**Your objective**
Look through the material below. Return exactly the lines from the one with "Glass Stirring Spoon" through the one with "Authentic Thai Beef", both included.

[[ Data under study open ]]

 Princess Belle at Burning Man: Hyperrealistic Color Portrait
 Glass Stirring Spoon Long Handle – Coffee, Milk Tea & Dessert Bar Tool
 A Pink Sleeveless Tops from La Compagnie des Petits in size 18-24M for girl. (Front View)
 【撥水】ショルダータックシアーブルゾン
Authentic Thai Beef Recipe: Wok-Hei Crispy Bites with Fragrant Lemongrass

[[ Data under study closed ]]
[[ Data under study open ]]

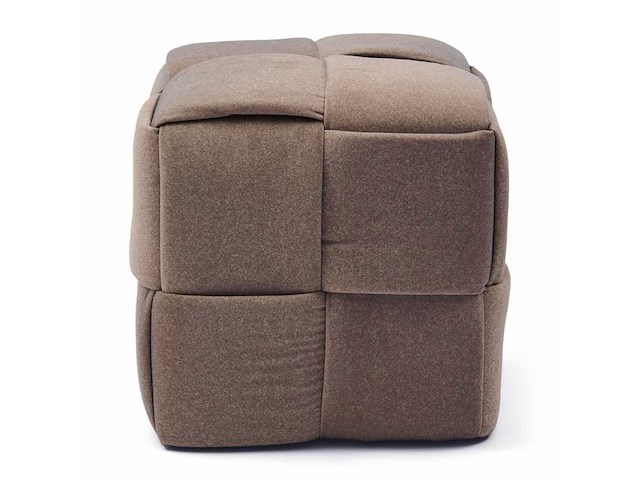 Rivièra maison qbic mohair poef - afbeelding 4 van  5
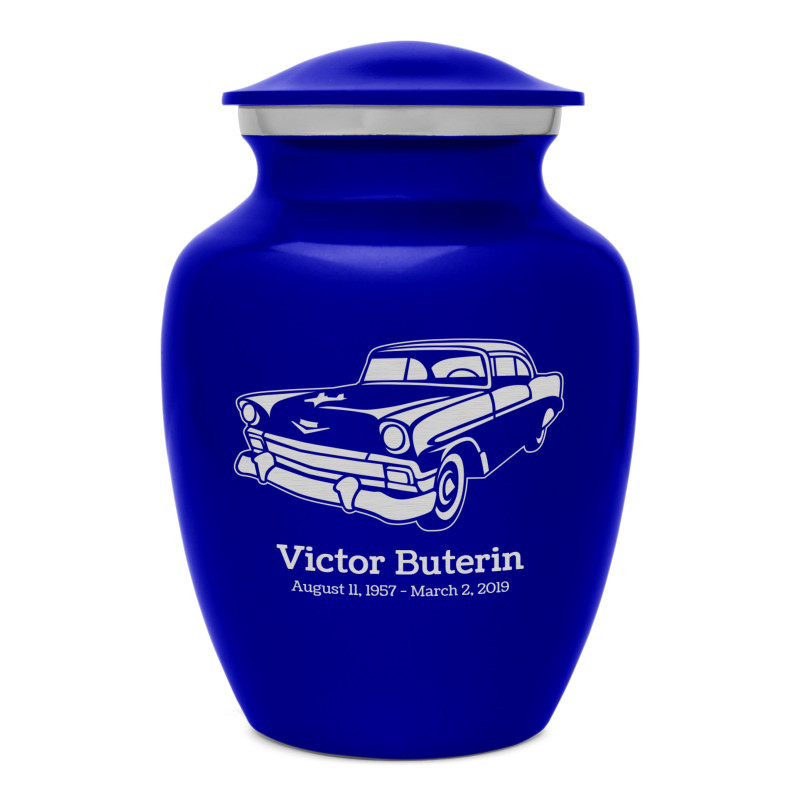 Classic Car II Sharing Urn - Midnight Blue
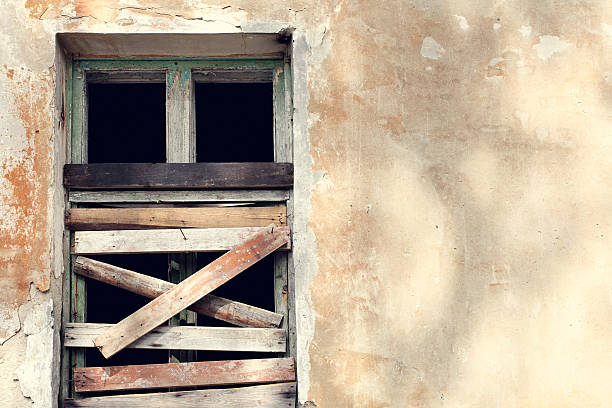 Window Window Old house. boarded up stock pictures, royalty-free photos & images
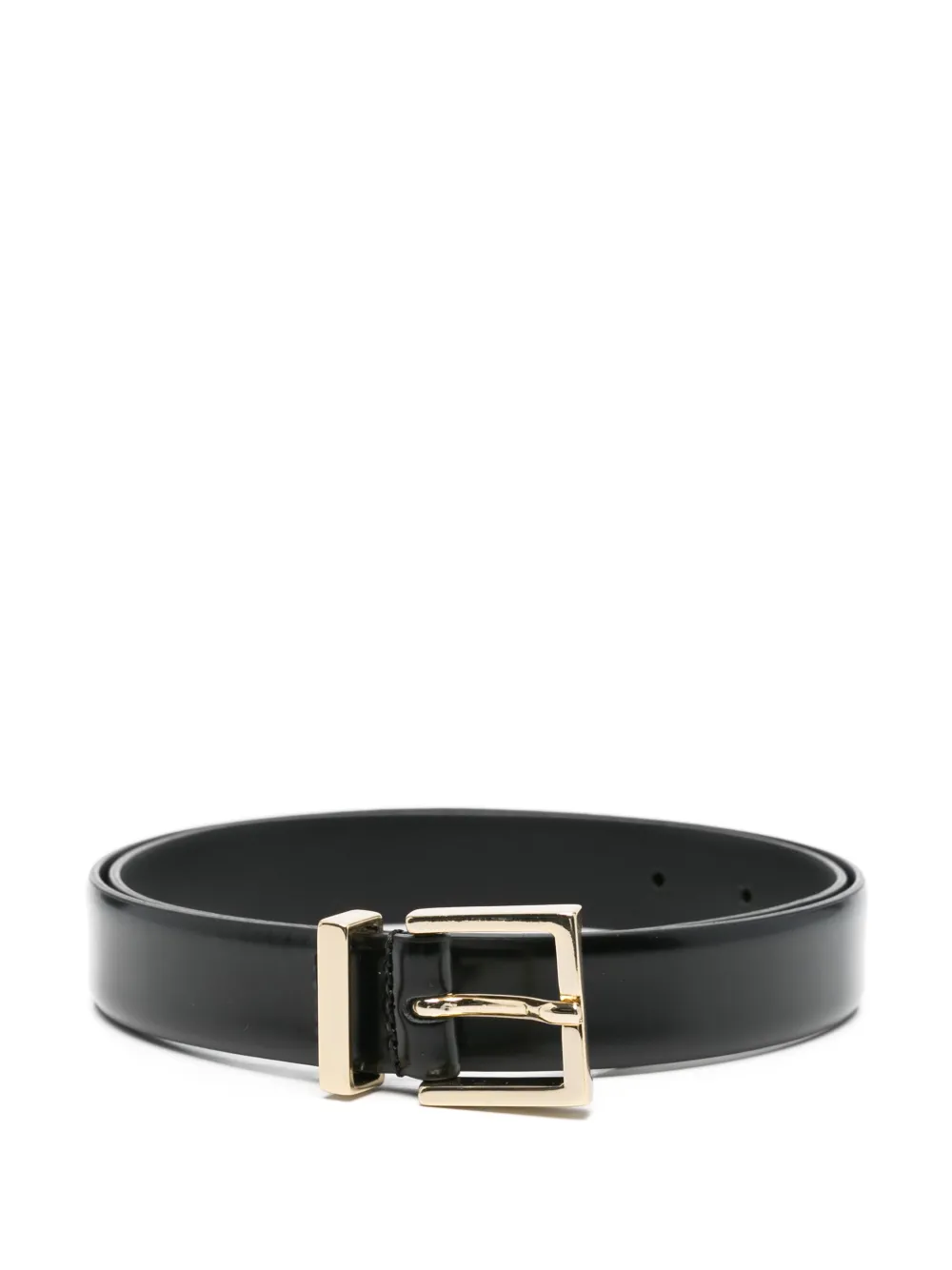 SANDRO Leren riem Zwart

[[ Data under study closed ]]

**Response to the exercise**
 Glass Stirring Spoon Long Handle – Coffee, Milk Tea & Dessert Bar Tool
 A Pink Sleeveless Tops from La Compagnie des Petits in size 18-24M for girl. (Front View)
 【撥水】ショルダータックシアーブルゾン
Authentic Thai Beef Recipe: Wok-Hei Crispy Bites with Fragrant Lemongrass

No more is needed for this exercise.